Once you’re engaged with your enemy it’s a case of tap A then A again. There’s no feeling that what you’re doing after that isn’t down to anything other than luck. If luck is all that the game uses to score hits, misses, dodges or parries, then I must have completely lucked out in life. There’s no connection to the gamer, not like other tactical RPGs on the market.
Make no mistake, Mordheim: City of the Damned is, right from the outset, tough. I tried to stick with it, but I’ve not won a mission yet. I’ve been soundly routed every single time. After five or six of these and with you having run out of gold to pay for your warrior’s upkeep and medical needs, it’s pretty much capitulation each time, with no chance of completing missions. It’s like real life but more brutal.
The city itself is beautifully rendered and the characters are nicely drawn and well animated.
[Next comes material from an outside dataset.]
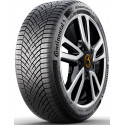 opona samochodowa całoroczna Continental ALLSEASONCONTACT 2 w rozmiarze 225/40R18 z indeksem nośności 92 i prędkości Y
There was something that didn’t really ring true with the city streets though, and it took me a few days to realise what it was. There are no citizens left in the ruins. No dregs of humanity or the remnants of occupation. No wildlife or mutants hiding in the rubble to try to catch you out. It’s simply unrealistic.
Mordheim: City of the Damned is a missed opportunity. The decision to make this a turn based RPG doesn’t really work as the turn order in each round doesn’t make any sense at all. There’s permadeath in the game as well as debilitating injuries suffered in battle. This adds to the atmosphere but makes the difficulty ramp more of a 50-foot wall than a gradual incline and the over-complicated, plodding tutorial does nothing to inspire the player to remember what you’re supposed to be doing and in what order. The game is over-complicated and far too challenging to be enjoyable. The Campaign is sectioned into days for example. Nowhere does it mention this. I flipped around the Campaign menus, looking to start another inevitable rout only to find that I needed to end the day and recover injuries before I could try again. It’s an awful decision from the developers. The game would have fared much better by being a traditional Hack ‘n’ Slash RPG. It’s not a game-changer in it’s field. It’s simply a frustrating, difficult, confusing mess.